Nuclear industry in Canada is an active business and research sector, producing about 15% of its electricity in nuclear power plants of domestic design. Canada is the world's largest exporter of uranium, and has the world's second largest proven reserves. Canada also exports nuclear technology within the terms of the Nuclear Non-proliferation Treaty, to which it is a signatory, and is the world's largest producer of radioactive medical isotopes.

==History==
===Nuclear technology===
The Nuclear industry (as distinct from the uranium industry) in Canada dates back to 1942 when a joint British-Canadian laboratory was set up in Montreal, Quebec, under the administration of the National Research Council of Canada, to develop a design for a heavy-water nuclear reactor. This reactor was called National Research Experimental and would be the most powerful research reactor in the world when completed. In the meantime, in 1944, approval was given to proceed with the construction of the smaller ZEEP (Zero Energy Experimental Pile) test reactor at Chalk River, Ontario and on September 5, 1945, at 3:45 p.m., the 10 Watt ZEEP successfully achieved the first self-sustained nuclear reaction outside the United States. ZEEP operated for 25 years as a key research facility.

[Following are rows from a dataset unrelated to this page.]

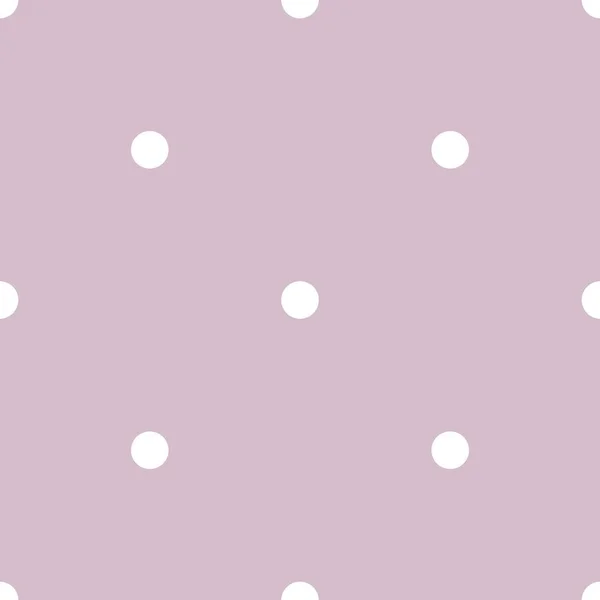 タイル パステル バイオレット ピンク色の背景に白の水玉模様のベクトル パターン — ストックベクタ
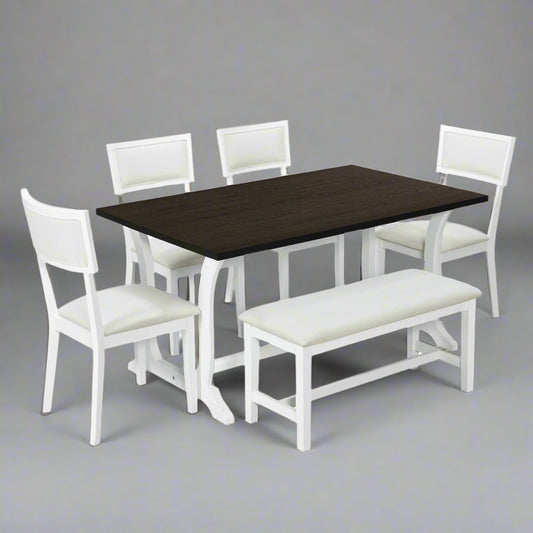 Topmax Farmhouse Dining Set (6 pcs) – White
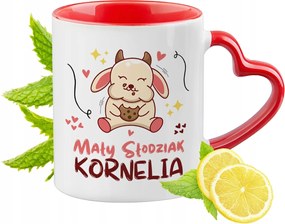 Piros bögre szív alakú füllel Kornéliának Ajándék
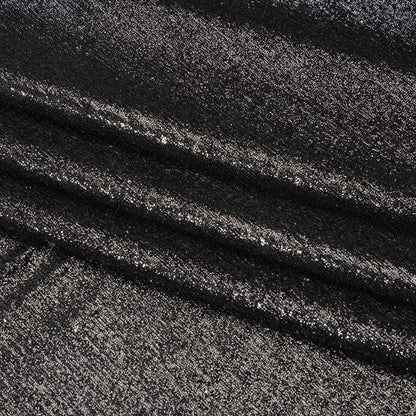 Metallic Foiled Uneven Stretch Rib Knit - Charcoal on Black - Estelle Collection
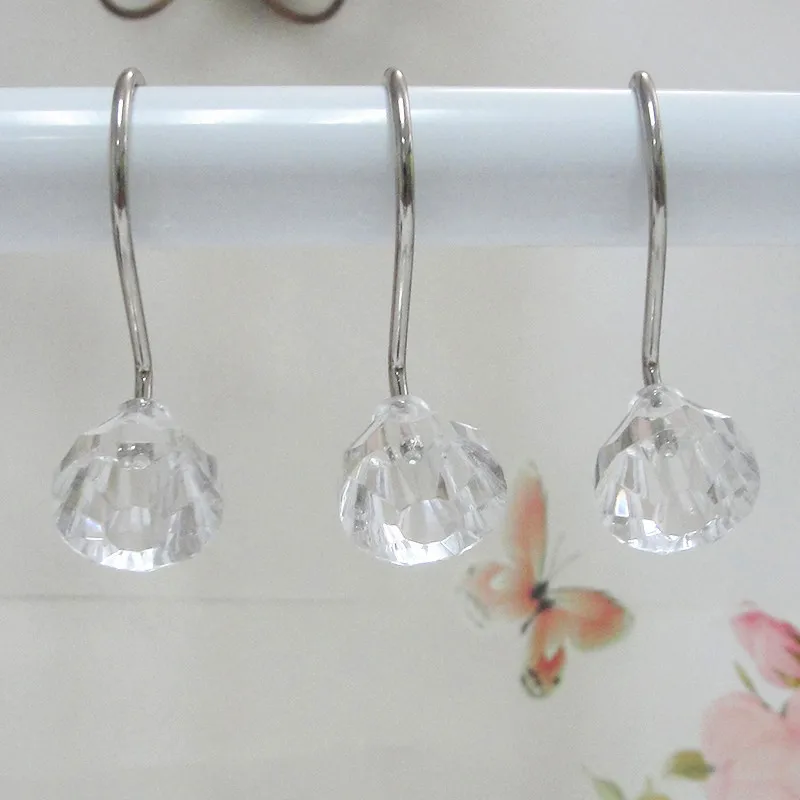 

12Pcs Small Transparent Crystal Head Shower Curtain Hook Window Curtains Hook Transparent Acrylic Head Metal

The Teck Cominco smelter in Trail, British Columbia produced heavy water for the American Manhattan Project from 1942 to 1956.

In 1946, Montreal Laboratory was closed, and the work continued at Chalk River Nuclear Laboratories. Building partly on the experimental data obtained from ZEEP, the National Research Experimental (NRX)—a natural uranium, heavy water moderated research reactor—started up on July 22, 1947. It operated for 43 years, producing radioisotopes, undertaking fuels and materials development work for CANDU reactors, and providing neutrons for physics experiments. It was eventually joined in 1957 by the larger 200 megawatt (MW) National Research Universal reactor (NRU).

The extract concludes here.